Nüfus Afrika’da artışta, Asya’da değişken
Afrika en hızlı büyüyen bölge olmaya devam ederken, bu kıtada birçok ülkede önemli nüfus artışları yaşanıyor.
Nijerya, Etiyopya ve Kongo Demokratik Cumhuriyeti (KDC) gibi ülkelerdeki nüfusun, yüksek doğurganlık oranları ve sağlık hizmetlerinin iyileştirilmesiyle gelecek yıllarda önemli ölçüde artması bekleniyor.
Nüfusu 688 milyon olan Doğu ve Güney Afrika ile 516 milyon olan Batı ve Orta Afrika’da nüfus artışı yüksek seyrediyor.
Dünya nüfusunun en büyük payına ev sahipliği yapan Asya’da da Hindistan ve Çin gibi ülkelerde doğurganlık oranlarının düşmesi nedeniyle nüfus artışında yavaşlama görülürken, Endonezya ve Filipinler gibi Güneydoğu Asya ülkelerinin nüfusu ılımlı büyümeyi sürdürüyor.
Nüfus düşüşü veya durgunluğu yaşanan AVrupa’da ise buna düşük doğurganlık oranları, yaşlanan nüfus ve göç eğilimleri neden oluyor. Almanya, İtalya ve Rusya gibi ülkeler daralan işgücü ve artan bağımlılık oranları ile boğuşuyor.
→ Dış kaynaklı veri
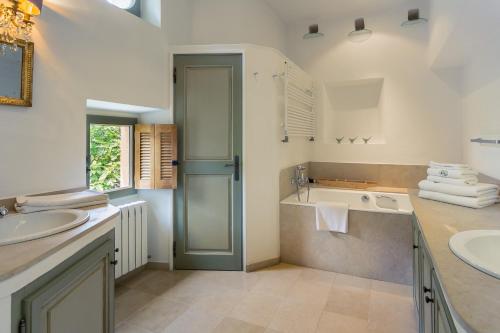 博尼约La Ferme du Haut Trigaud的浴室配有2个盥洗盆、浴缸和淋浴。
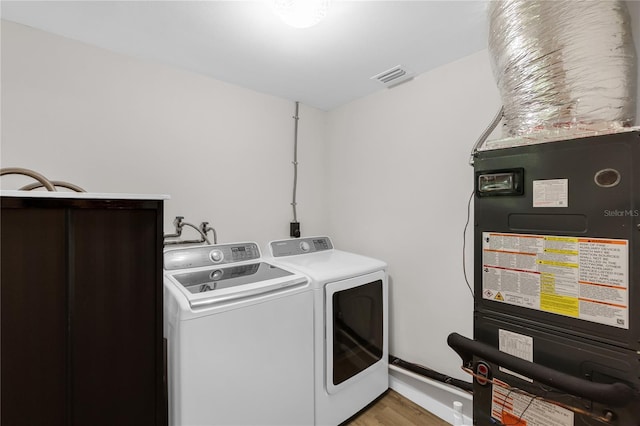 4041 Linwood St, Sarasota, FL 34232 - washroom featuring washing machine and clothes dryer, light wood finished floors, and heating unit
Bazı bölgeler aşırı kalabalık, bazıları seyrek
Dünya genelinde büyük farklılıklar gösteren nüfus yoğunluğuna bakıldığında, bazı bölgeler aşırı kalabalıklaşırken bazı bölgeler seyrek nüfuslu kalıyor.
Kentsel alanlarda yaşayan küresel nüfus yüzde 55’i aşarken, tahminler bu oranın artmaya devam edeceğini gösteriyor.
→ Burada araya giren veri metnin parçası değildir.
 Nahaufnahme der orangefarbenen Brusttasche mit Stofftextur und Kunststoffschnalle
Tokyo, Yeni Delhi ve Şanghay gibi şehirler nispeten küçük alanlarda milyonlarca sakini barındırıyor.
Buna karşılık, Kanada, Avustralya ve Rusya gibi ülkelerdeki geniş bölgeler, coğrafi ve iklimsel koşullar nedeniyle seyrek nüfuslu seyrediyor.
Anne ölümleri 20 yılda yüzde 34 azaldı
UNFPA Türkiye Temsilcisi Mariam A. Khan, AA muhabirine yaptığı değerlendirmede, bu yılki Dünya Nüfus Günü temasının “Umut İplikleri” olduğunu belirterek, bu temanın Sürdürülebilir Kalkınma Hedeflerinin (SDG) son tarihi olan 2030’a 6 yıl kalmış olması nedeniyle belirlendiğini dile getirdi.
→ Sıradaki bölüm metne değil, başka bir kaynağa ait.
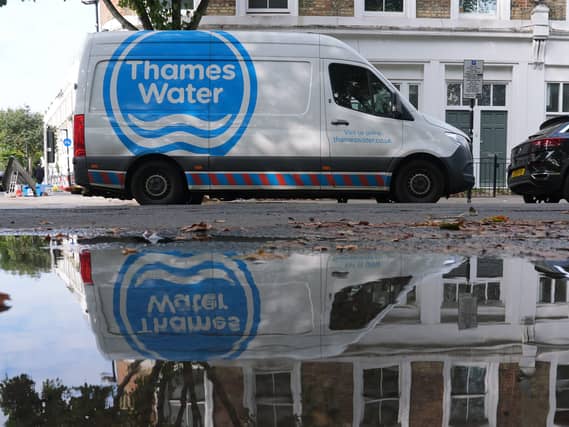 Thames Water van parked on a street, opposite a large puddle of water
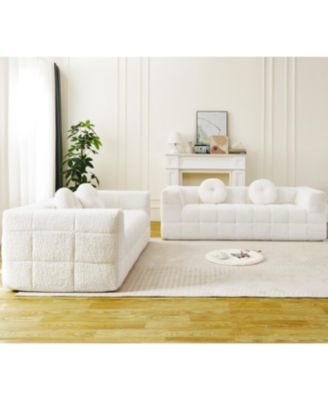 Modern Boneless Couch with Two Circular Throw Pillows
Dünya üzerindeki hiçbir bölgenin tüm hedeflere ulaşma yolunda olmadığını kaydeden Khan, ilerlemeyi hızlandırmanın yollarının belirlenmesi gerektiğine dikkati çekti.
Khan, 2024 Dünya Nüfusunun Durumu Raporu’na göre, 2000-2020 yıllarında anne ölümlerinde yüzde 34’lük bir azalma olduğunu vurgulayarak, “Bu gerçekten çok iyi. Ergen gebeliklerde benzer şekilde üçte birlik düşüş yaşandı. Bunlar kutlanacak şeyler. Ancak rapor, aynı zamanda bize her gün 800 kadının önlenebilir anne ölümleri nedeniyle hayatını kaybettiğini de gösteriyor.” dedi.
Dünyanın her yerinde aile içi şiddet sürüyor
Çözüm yatırımlarının doğru yere yapılması gerektiğini kaydeden Khan, “162 ülke aile içi şiddeti önleyen yasalar çıkardı. Bu inanılmaz derecede etkileyici. Bu yasalar var ancak uygulanıyorlar mı, kadınların hayatları gerçekten kurtarılıyor mu? Veriler bize aslında dünyanın hemen her ülkesinde aile içi şiddetin devam ettiğini gösteriyor.” ifadelerini kullandı.
Khan, öte yandan, kadınların güvenliğine yatırım yapılmadığını, yatırımın sadece bir insan hakkı olmadığını, ekonomi, aile ve bireyler açısından da anlamlı olduğunu vurguladı.
Raporun ayrıca engelli kadınların şiddete maruz kalma ihtimalinin 10 kat daha fazla olduğunu gösterdiğini kaydeden Khan, yabancı veya yerel topluluklardan gelen insanların hizmetlere daha az erişiminin olduğunu gösterdiğine işaret etti.
Khan, “Her ulusun en önemli sermayesi insanlarıdır. Eğer erkeklere, kadınlara, genç kadınlara, genç erkeklere ve çocukların eğitimine yatırım yaparsak, geleceğe yönelik beceriler kazandırırsak, çok daha iyi bir yerde oluruz.” diye konuştu.